[REQUEST] MadisonDeCambra's NSFW or Uncensored Patreon sets please?

Here is what Madi had to say to your comment: Hello there. This is the person you're talking about! Nice to chat with you. Let me touch on a few things. The time frame you are talking about I was 18 and freshly out of the house. Youngin. Scared and trying to make it in the big bad world by myself. Yes I set up a go fund me. Not for luxuries. No. Because my roommate bailed. We ended up having to sell his stuff to be able to pay rent and barely scrape by. I spent a few weeks barely eating and lost ten lbs. So I apologize for having set up a go fund me back then. But that was not for luxuries or because of wanting free money. But people like you made me feel so embarrassed and guilty for it that yes, I did take it down. I felt ashamed. Did I ban people for calling me out? Nope. What likely was the case was people being aggressive and talking so poorly to me I had no choice but to ban them. By the sounds of it I would assume you are one of them. I did however make a lengthy post regarding it. You probably missed it. I've cleaned up my fan page since then so who knows if it's still there. It was 2013 for gods sake.

Next. It is now end of 2017. I had more than one person specifically ask me to create a patreon. I kept telling people "why would I make a patreon? Why would anybody even care? Why would anybody give me their money?" I spent months thinking this way. Wondering. Feeling like there was no reason to make one. Finally after six months of being asked and me saying no- I thought to myself... what's the harm? I make one and nobody pledges? That's it? Or I make one and one person pledges? So what. So I made one. And guess what? I didn't have to pander or beg or force. I also don't know if you know this about patreon, but there's a lot more people on there than just cosplayers. I also am not asking for "free money" as I work very hard to make sure I am posting multiple times a week as well as getting physical rewards put in a timely manner.
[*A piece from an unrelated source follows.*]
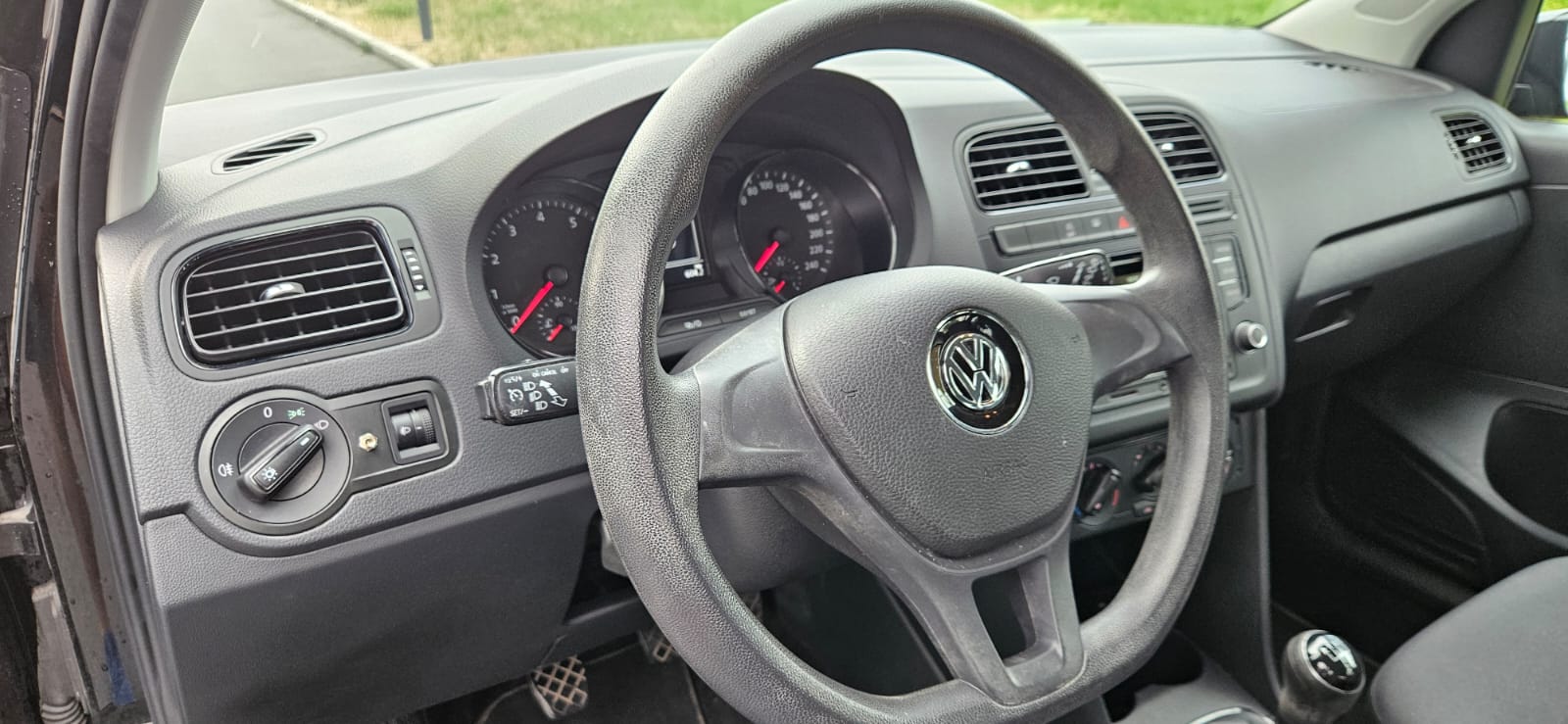 VW 1.2 TSI 90 BlueMT Comfortline-image-3
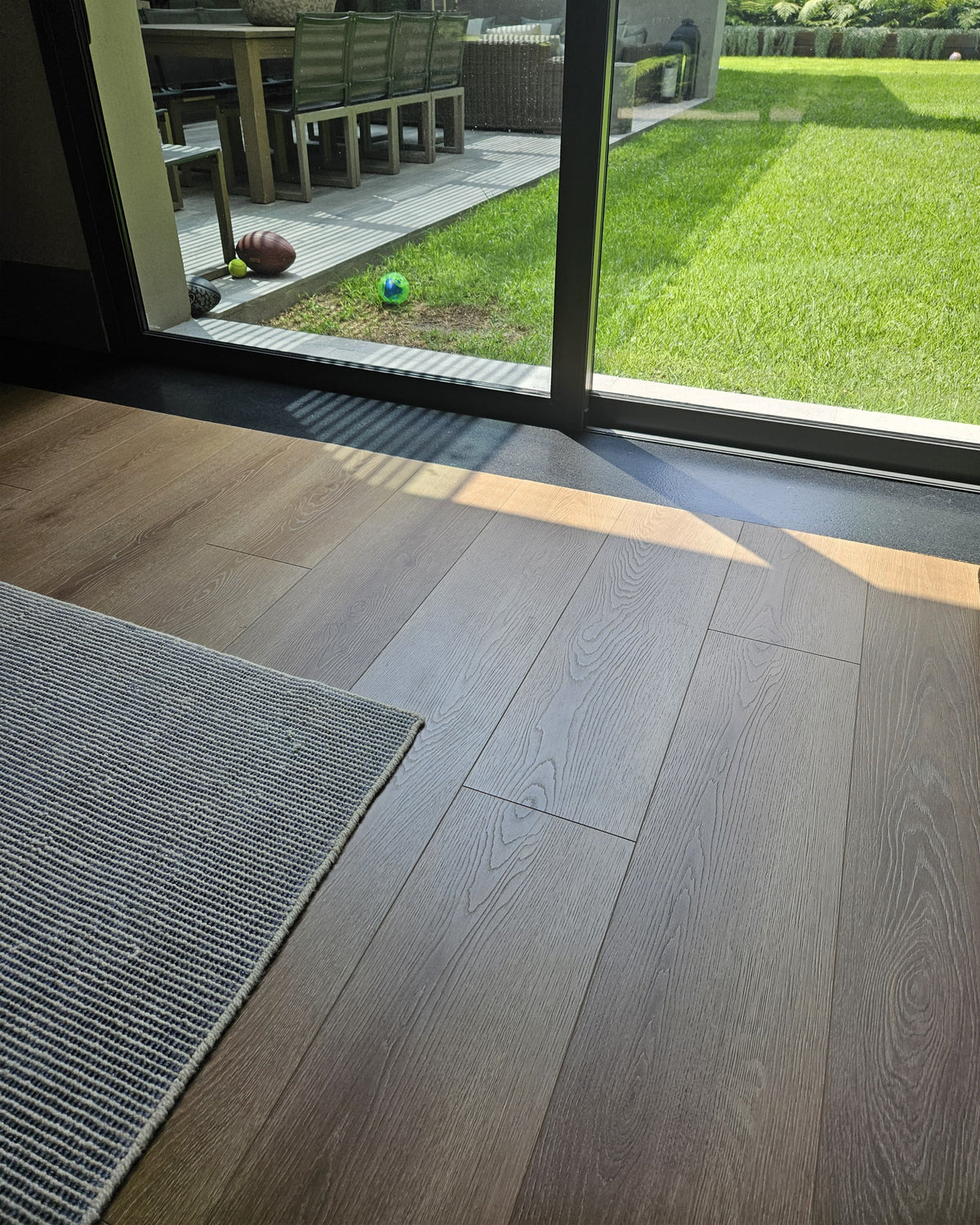 Piso Laminado WRL Acacia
Something you may not realize about me considering you haven't followed me in years is this. I am a nearly 23 year old mother who's been through quite the amount of shit in the last few years. I've grown up quite a lot. Think about it this way... are you the same person when you were 18? Are you making the same choices you did when you were freshly out of your parents house?

It is okay to not like me. It is okay to disagree with my career choices. But it is not okay to attempt to bash me as a person and as a model for something that happened when I was much younger with much less experience. Give me the respect you would be asking someone else to give you.